In some places, it is common to lose 25% or more of vaccines because of broken cold chains, he told Reuters.
"So, if you're looking to manufacture four billion, and you reckon you're going to lose 25%, then you have to manufacture five billion," he said. "It's all the elements to move it from the point of manufacture to the point of aggregation, right down to the health centres and then out to the community." Companies developing mRNA vaccines, including Moderna and Translate Bio, which is partnering with Sanofi, are working to make candidates stable at higher temperatures. Ron Renaud, CEO of Translate Bio, said he was confident this would happen "within a short amount of time". Colleen Hussey, a Moderna spokeswoman, said: "We are getting more confident that we could run our supply chain at -20C, which is an easier storage condition than deep freezing," she said.

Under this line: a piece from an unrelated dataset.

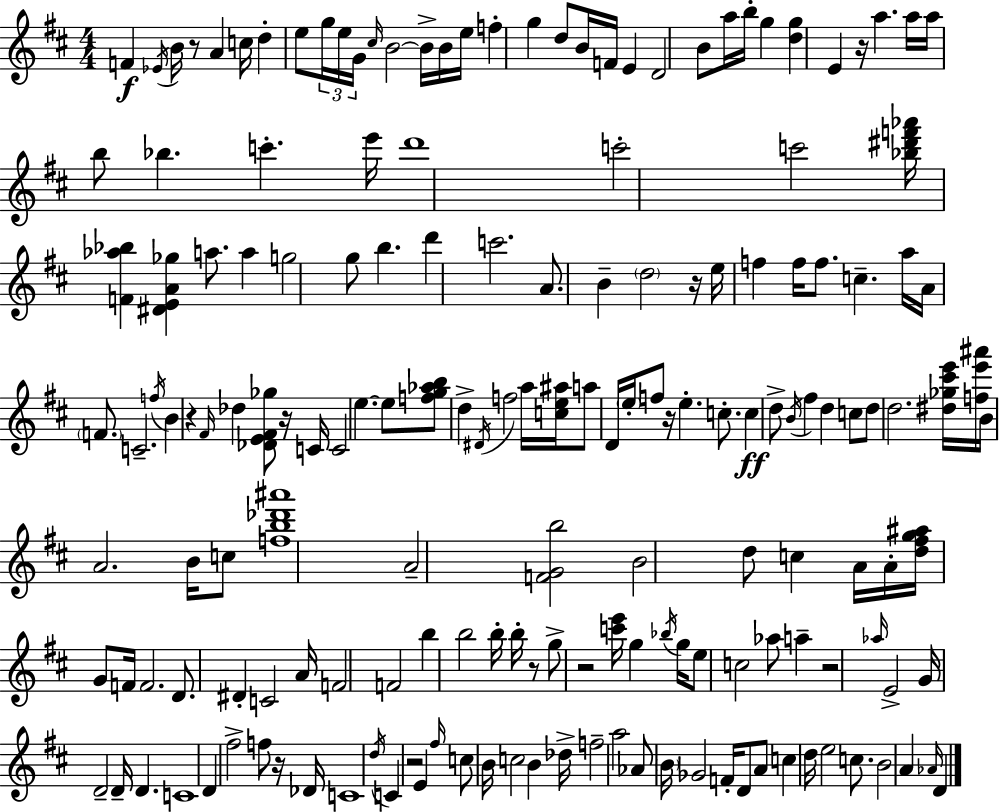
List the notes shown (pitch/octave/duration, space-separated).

F4/q Eb4/s B4/s R/e A4/q C5/s D5/q E5/e G5/s E5/s G4/s C#5/s B4/h B4/s B4/s E5/s F5/q G5/q D5/e B4/s F4/s E4/q D4/h B4/e A5/s B5/s G5/q [D5,G5]/q E4/q R/s A5/q. A5/s A5/s B5/e Bb5/q. C6/q. E6/s D6/w C6/h C6/h [Bb5,D#6,F6,Ab6]/s [F4,Ab5,Bb5]/q [D#4,E4,A4,Gb5]/q A5/e. A5/q G5/h G5/e B5/q. D6/q C6/h. A4/e. B4/q D5/h R/s E5/s F5/q F5/s F5/e. C5/q. A5/s A4/s F4/e. C4/h. F5/s B4/q R/q F#4/s Db5/q [Db4,E4,F#4,Gb5]/e R/s C4/s C4/h E5/q. E5/e [F5,G5,Ab5,B5]/e D5/q D#4/s F5/h A5/s [C5,E5,A#5]/s A5/e D4/s E5/s F5/e R/s E5/q. C5/e. C5/q D5/e B4/s F#5/q D5/q C5/e D5/e D5/h. [D#5,Gb5,C#6,E6]/s [F5,E6,A#6]/s B4/s A4/h. B4/s C5/e [F5,B5,Db6,A#6]/w A4/h [F4,G4,B5]/h B4/h D5/e C5/q A4/s A4/s [D5,F#5,G5,A#5]/s G4/e F4/s F4/h. D4/e. D#4/q C4/h A4/s F4/h F4/h B5/q B5/h B5/s B5/s R/e G5/e R/h [C6,E6]/s G5/q Bb5/s G5/s E5/e C5/h Ab5/e A5/q R/h Ab5/s E4/h G4/s D4/h D4/s D4/q. C4/w D4/q F#5/h F5/e R/s Db4/s C4/w D5/s C4/q R/h E4/q F#5/s C5/e B4/s C5/h B4/q Db5/s F5/h A5/h Ab4/e B4/s Gb4/h F4/s D4/e A4/e C5/q D5/s E5/h C5/e. B4/h A4/q Ab4/s D4/q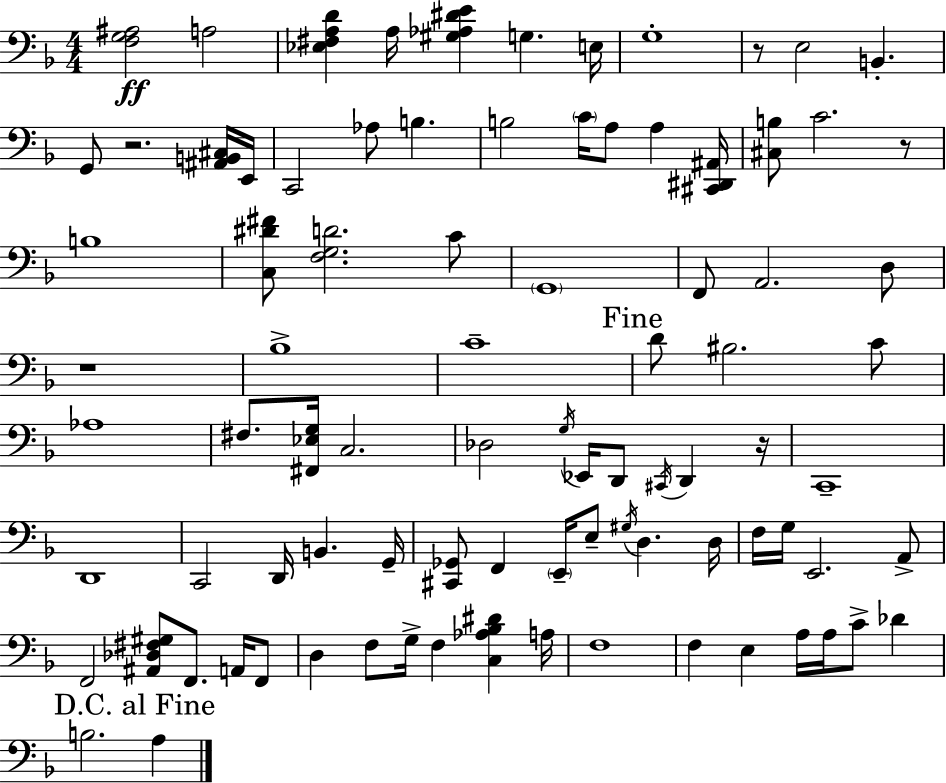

Moderna plans to add a small period of time in which the vaccine can be stored at normal fridge temperatures of 2 to 8 degrees Celsius in doctors' offices or clinics. "We will know more in the next 2-3 months," she said. The pandemic is also presenting obstacles of a less technical nature. Catalent, which has some 30 plants globally, has had to write special permission slips in eight languages explaining that their workers are considered essential. J&J is having trouble getting experienced personnel to far-flung labs to oversee the transfer of technology to contract manufacturers because they're subject to 14-day quarantines.